Schulze-Makuch argues that these potential Martian microorganisms could have been inadvertently annihilated by the very experiments designed to detect them.

The experiments, it turns out, may have "overwhelmed these potential microbes" by adding too much water to the soil samples.

Microbial Adaptation to Harsh Conditions

Schulze-Makuch's hypothesis hinges on the idea that Martian life could have adapted to its arid environment by residing within salt rocks and absorbing water directly from the thin Martian atmosphere.

On Earth, similar extremophiles thrive in desolate regions like Chile's Atacama Desert, where they shelter within hygroscopic rocks.

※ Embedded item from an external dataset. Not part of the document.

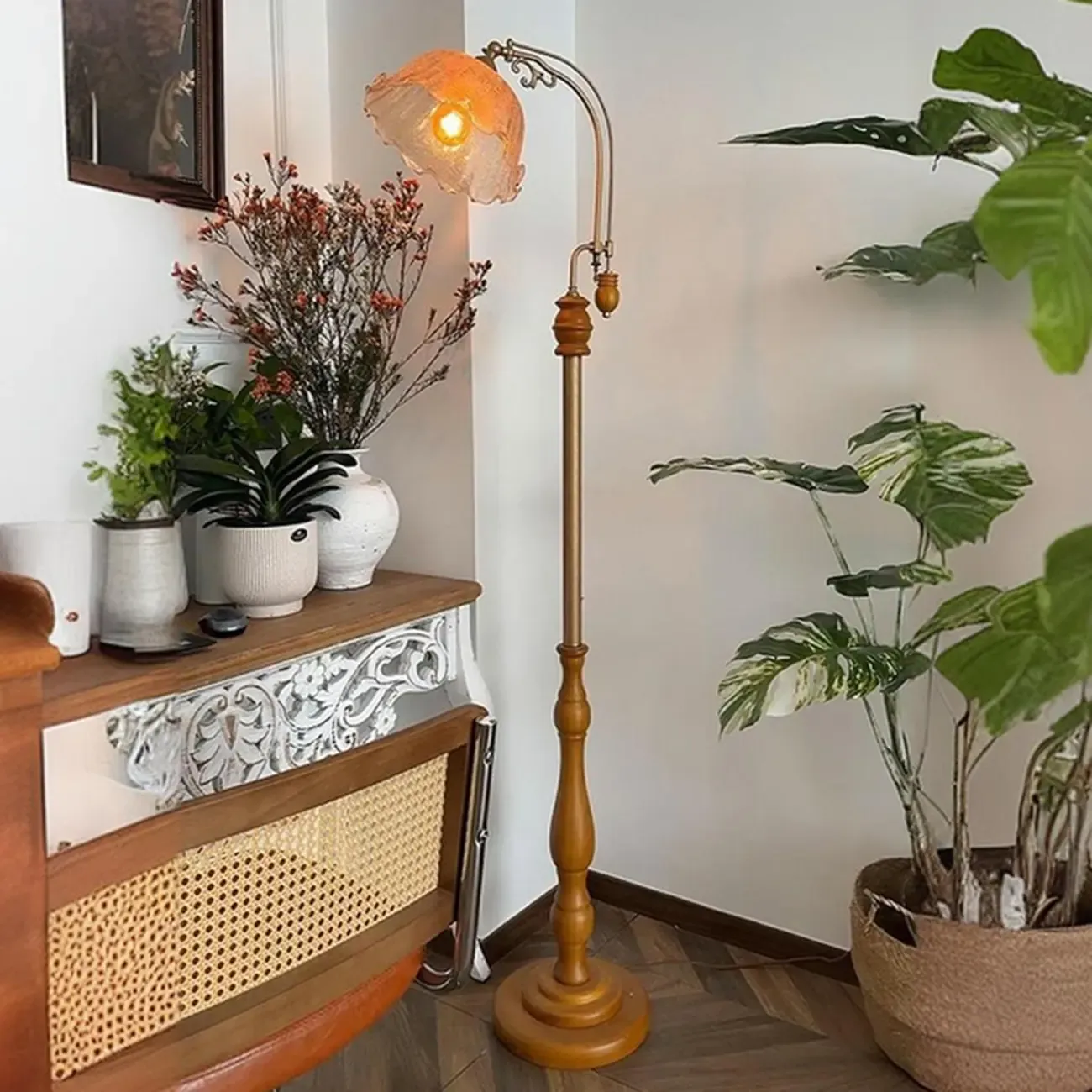 Plug-In Vintage Flower Shape Amber Glass Arc Floor Lamp Image - 2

These rocks, incredibly salty and capable of drawing in minuscule amounts of water from the atmosphere, could provide the shelter and moisture needed for Martian microbes to survive.

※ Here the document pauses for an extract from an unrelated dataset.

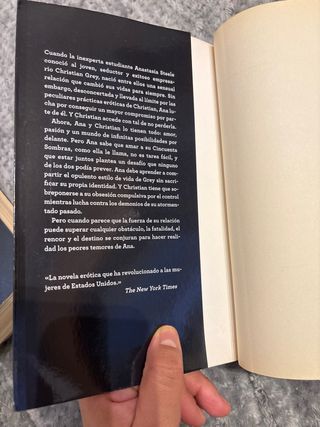 CINCUENTA SOMBRAS DE GREY + REGALO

If these microbes also contained hydrogen peroxide, a chemical compatible with some Earth-based life forms, they might have produced some of the gases detected by the Viking landers.

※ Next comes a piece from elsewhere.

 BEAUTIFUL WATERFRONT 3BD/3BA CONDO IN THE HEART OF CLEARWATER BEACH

Support from Previous Studies

Schulze-Makuch's claims find support in a 2018 study published in the journal Scientific Reports. This study revealed that extreme floods in Chile's Atacama Desert had eradicated up to 85% of indigenous microbes that could not adapt to wetter conditions. This research underscores the delicate balance of moisture for extremophiles.

Controversy and Skepticism

Naturally, this provocative hypothesis has sparked controversy. In 2018, another group of researchers proposed that heating soil samples during the Viking experiments could have killed any Martian microbes present.

Moreover, LiveScience reports that some scientists believe that the presence of perchlorate, a chemical found on Mars, and its byproducts can adequately explain the gases detected in the Viking experiments, effectively debunking the need for a new type of Martian life.